EvoVGM: a Deep Variational Generative Model for Evolutionary Parameter Estimation
This work addresses evolutionary parameter estimation for computational biologists, offering a novel integration of deep learning with phylogenetic inference, though it is incremental as it builds on existing substitution models.
The authors tackled the problem of evolutionary parameter estimation in biological sequences by proposing EvoVGM, a deep variational generative model that jointly approximates posterior distributions and generates alignments, showing effectiveness on synthetic data and robustness on coronavirus gene S alignments.

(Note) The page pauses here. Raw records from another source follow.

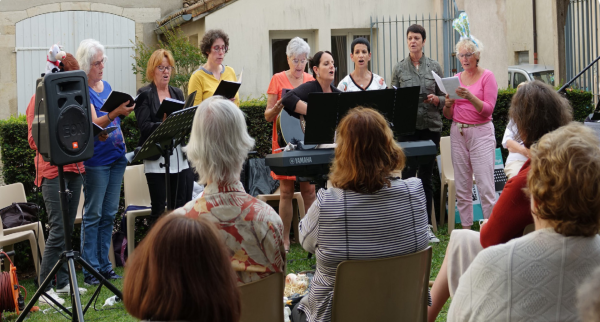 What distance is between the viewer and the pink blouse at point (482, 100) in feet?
19.1

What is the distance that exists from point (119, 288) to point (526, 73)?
10485 millimetres

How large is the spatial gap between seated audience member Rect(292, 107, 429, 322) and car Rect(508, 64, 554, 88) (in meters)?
10.9

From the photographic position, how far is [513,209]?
2805mm

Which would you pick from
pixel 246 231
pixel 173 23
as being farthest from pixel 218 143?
pixel 173 23

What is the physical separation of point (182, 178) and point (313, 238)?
9.31 feet

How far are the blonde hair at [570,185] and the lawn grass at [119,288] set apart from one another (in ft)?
6.98

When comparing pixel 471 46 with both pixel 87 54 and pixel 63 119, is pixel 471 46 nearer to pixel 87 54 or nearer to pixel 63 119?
pixel 87 54

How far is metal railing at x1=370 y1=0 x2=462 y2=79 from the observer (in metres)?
11.1

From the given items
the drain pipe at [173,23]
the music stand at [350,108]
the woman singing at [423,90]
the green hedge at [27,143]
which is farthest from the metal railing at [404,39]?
the music stand at [350,108]

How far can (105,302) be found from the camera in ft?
15.7

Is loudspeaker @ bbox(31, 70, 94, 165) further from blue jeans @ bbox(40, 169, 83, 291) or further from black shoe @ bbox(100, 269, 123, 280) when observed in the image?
black shoe @ bbox(100, 269, 123, 280)

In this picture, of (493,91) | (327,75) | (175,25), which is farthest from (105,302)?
(175,25)

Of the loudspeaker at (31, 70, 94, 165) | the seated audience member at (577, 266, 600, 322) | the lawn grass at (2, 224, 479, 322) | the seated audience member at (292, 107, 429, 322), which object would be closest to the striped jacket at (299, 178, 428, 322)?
the seated audience member at (292, 107, 429, 322)

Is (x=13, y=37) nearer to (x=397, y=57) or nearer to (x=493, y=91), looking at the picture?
(x=397, y=57) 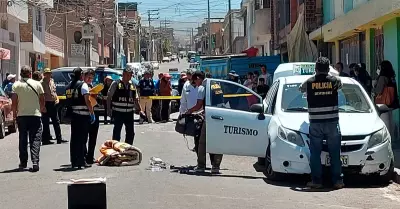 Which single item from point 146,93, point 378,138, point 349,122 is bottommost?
point 378,138

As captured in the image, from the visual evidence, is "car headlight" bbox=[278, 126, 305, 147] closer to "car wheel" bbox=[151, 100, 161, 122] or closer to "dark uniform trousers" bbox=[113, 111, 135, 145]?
"dark uniform trousers" bbox=[113, 111, 135, 145]

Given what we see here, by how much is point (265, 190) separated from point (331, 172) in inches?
41.2

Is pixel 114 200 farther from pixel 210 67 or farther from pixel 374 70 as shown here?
pixel 210 67

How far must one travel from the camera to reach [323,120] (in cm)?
1144

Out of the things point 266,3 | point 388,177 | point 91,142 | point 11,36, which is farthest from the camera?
point 266,3

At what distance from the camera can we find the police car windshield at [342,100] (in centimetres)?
1268

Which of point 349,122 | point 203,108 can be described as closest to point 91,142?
point 203,108

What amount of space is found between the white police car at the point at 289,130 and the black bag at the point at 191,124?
0.41m

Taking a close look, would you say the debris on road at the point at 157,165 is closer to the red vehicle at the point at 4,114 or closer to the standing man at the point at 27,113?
the standing man at the point at 27,113

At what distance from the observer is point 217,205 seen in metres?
9.90

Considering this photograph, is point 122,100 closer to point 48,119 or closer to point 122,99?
point 122,99

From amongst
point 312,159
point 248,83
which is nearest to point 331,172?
point 312,159

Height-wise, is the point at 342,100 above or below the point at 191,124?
above

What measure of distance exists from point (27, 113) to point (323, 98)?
17.7ft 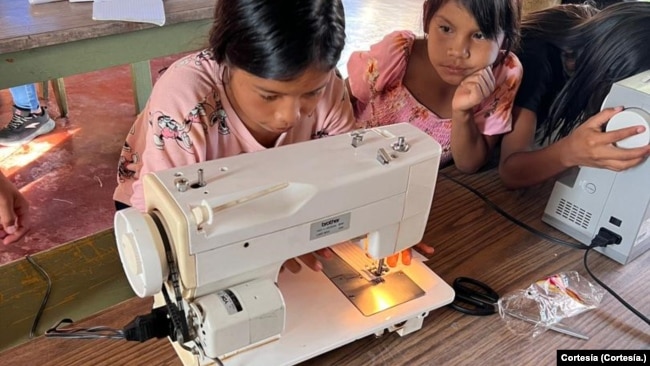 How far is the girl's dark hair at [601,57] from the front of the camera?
3.55ft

Most evolutionary-oriented deep generative models do not explicitly consider the underlying evolutionary dynamics of biological sequences as it is performed within the Bayesian phylogenetic inference framework. In this study, we propose a method for a deep variational Bayesian generative model (EvoVGM) that jointly approximates the true posterior of local evolutionary parameters and generates sequence alignments. Moreover, it is instantiated and tuned for continuous-time Markov chain substitution models such as JC69, K80 and GTR. We train the model via a low-variance stochastic estimator and a gradient ascent algorithm. Here, we analyze the consistency and effectiveness of EvoVGM on synthetic sequence alignments simulated with several evolutionary scenarios and different sizes. Finally, we highlight the robustness of a fine-tuned EvoVGM model using a sequence alignment of gene S of coronaviruses.